We have one brain, located in one body, so are prone to believe we have one ‘real’ self. This is problematic because we don’t tend to feel and act in a singular way. It is more accurate and beneficial to think in terms of fluid, flexible and interconnected selves. Here’s why…

1. You are not one but many selves.
Think about how many different roles you inhabit in your life… I’m sure you’re familiar with reverting to your grumpy adolescent self when you’re with your parents, only to become more easy-going and relaxed when you’re back with your friends; but which is the ‘real’ you? The answer is neither and both. Each facet is part of the architecture of your personality, so look at the whole landscape of yourself and recognise how wonderfully varied and interesting you are.

2. Your self is changeable not fixed
You are the collection of all your experiences, memories, sensations and beliefs.
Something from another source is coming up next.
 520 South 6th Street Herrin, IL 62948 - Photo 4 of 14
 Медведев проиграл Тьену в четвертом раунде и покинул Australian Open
Over time you will change as you experience different things, which is why people are often haunted by their teenage years – a peak time of identity formation. Recognise that you have moved past these periods of your life and accept the changes that occur as your life progresses.

3. Your self exists in relation to others
Comparing yourself to others is natural, but beware the common error of comparing your internal, private self to other people’s external, public selves. A perfect example of this is Facebook: people only post the shiny versions of themselves and comparing this to the messy, complex uncertainty of your inner experience will be at the peril of your self-esteem. Don’t try to show only your shiny side – it will just alienate others. Remember: we all struggle.

4. You are the stories you tell yourself
Experiences cause us pain, but only partly due to what happens; the rest is created by the stories we weave. The difference between an optimist and a pessimist is not what happens in their lives but how they interpret their experiences. Be creative in your story-telling and don’t get stuck in a single narrative.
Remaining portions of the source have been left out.